In 2010, Operation Rescue became suspicious of the political obstructions we experienced during efforts to halt the controversial and experimental webcam abortion pill delivery scheme. We made an open records request for communications between Planned Parenthood and the office of Attorney General Tom Miller, a pro-abortion Democrat.
Instead of one e-mail, Operation Rescue received a massive, 906-page stack of communications in response to our request that showed a tight co-ordination between the Attorney General’s office and Planned Parenthood on numerous levels, as well as evidence of interference by the AG’s office in efforts by Operation Rescue to obtain county-level investigations into allegations that Planned Parenthood offices were using the webcam abortion scheme to evade Iowa law requiring the presence of a licensed physician during abortions.
Troy Newman, President of Operation Rescue, was involved in efforts to halt webcam abortions in Iowa after our undercover investigation documented the risky process. He described the relationships between Planned Parenthood representatives and employees of the Attorney General’s office as revealed in the glut of documents obtained from Miller’s office:

They attend the same parties, they ask about each other’s surgeries or how the grandkids are. Some AG staffers subscribe to Planned Parenthood’s e-mail distribution list. Planned Parenthood staffers have alerted the AG’s office to potential negative information about political opponents and even forward some of our press releases to Miller’s people. Miller’s office has aided PPH staffers in pursuing employment opportunities in the AG’s office.

Certainly, one e-mail from a pro-life supporter to a member of the Governor’s office pales in comparison to the voluminous evidence of collusion over the years between Planned Parenthood and the Iowa Attorney General’s office, which has worked overtime to protect Planned Parenthood’s electronic money-making scheme. Their coziness, cronyism and corruption are the real story.
Using the experimental system, Planned Parenthood aimed to increase abortion profits by cutting the cost of having to maintain licensed physicians at offices all over the state. The system involves an abortionist, who sits at a computer station in Des Moines and briefly interviews abortion patients over a Skype-like connection.

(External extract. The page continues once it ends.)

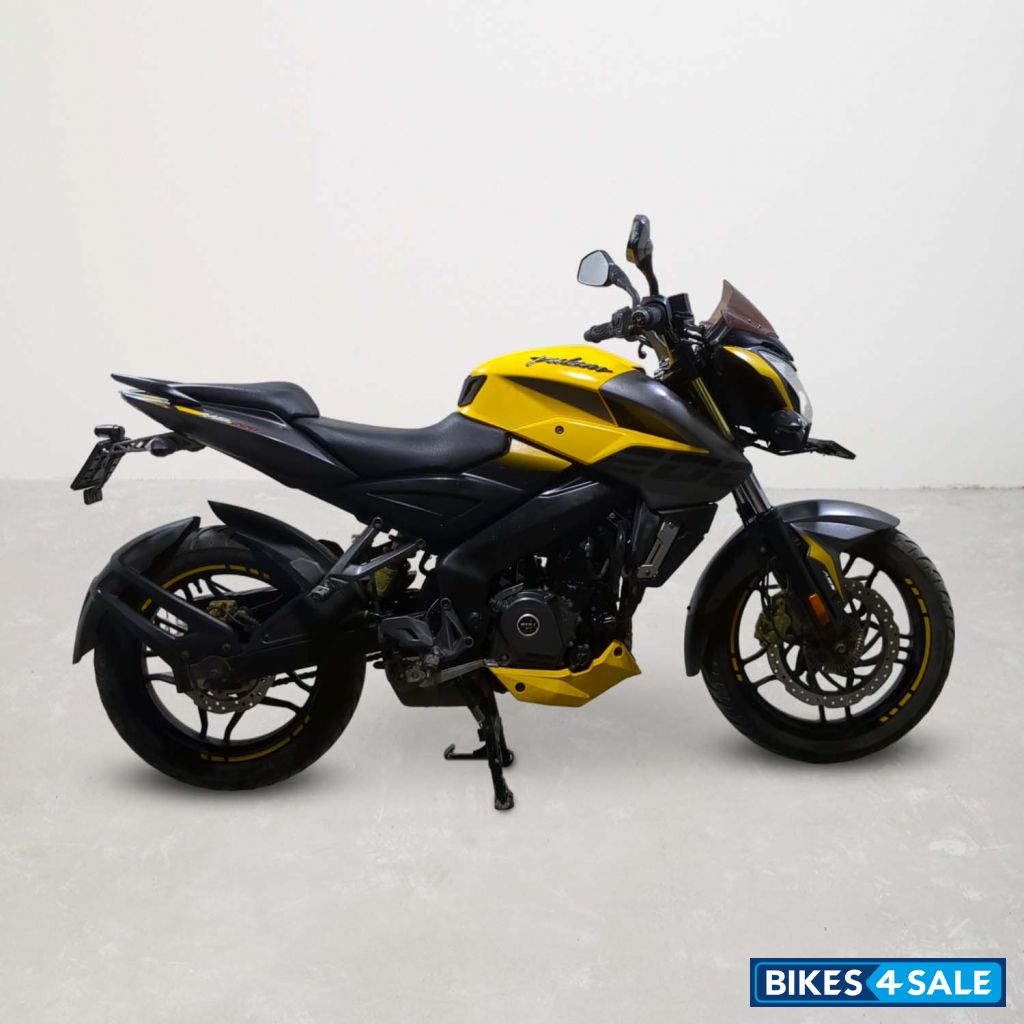 Bajaj Pulsar NS200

Then he pressed a button on his computer screen to release a drawer at the outlying clinic that contains the pills. Women take one round of pills at the office then are sent home to self-administer the rest of the abortion drugs, which cause an unmonitored and often painful abortion that is similar to a miscarriage.
In May 2010, Planned Parenthood admitted it was about to implement a 5-year plan to place their webcam abortion system in every Planned Parenthood office in the nation. Once the news about the plan was out, legislatures in 11 states passed laws to ban the abortion pill distribution system in order to protect women from substandard care. This caused Planned Parenthood to scrap their plan. Currently, Minnesota is the only state outside Iowa to implement webcam abortions.

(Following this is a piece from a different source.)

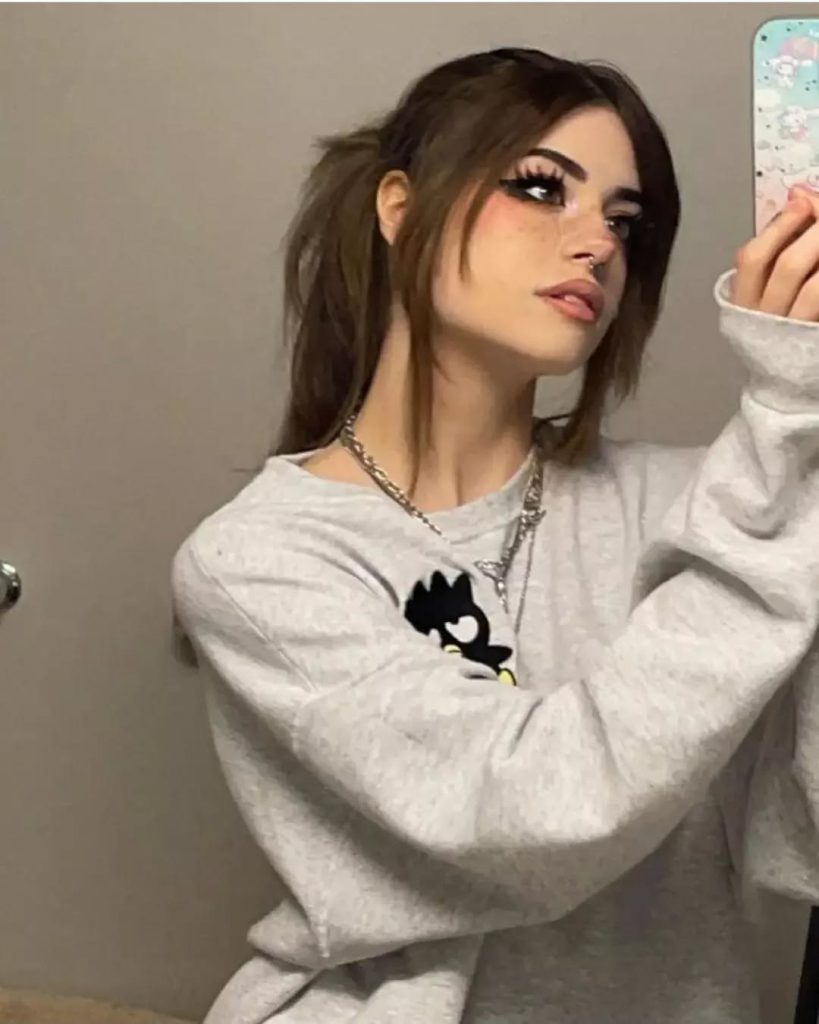 Hannah Owo modeling nude pics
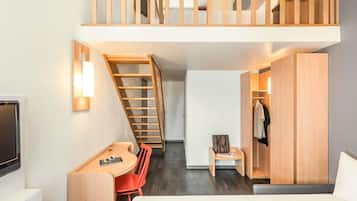 Premium bedding, in-room safe, desk, soundproofing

“Planned Parenthood is fighting to keep what is left of their pet profit-producing abortion pill scheme by attempting to vilify the Governor’s Office when, if the truth be known, it is really Planned Parenthood that is in bed with the Iowa Attorney General’s office, which as overtly acted to protect webcam abortions,” said Newman.
“We applaud efforts by the Iowa Medical Board to protect women from Planned Parenthood’s predatory scheme that subjects women to care that is well below accepted standards and those efforts are not derailed by leftist media spin and Planned Parenthood’s false hysteria.”
Read the report with link to the 906 pages of communications between Planned Parenthood and the Iowa Attorney General’s office.

[Note: We erroneous noted in an earlier version of this story that Mark Bowden was General Counsel for the Iowa Board of Medicine. In fact, he is the Executive Director of the IBM and noes not provide legal counsel to the Board. We regret the error.]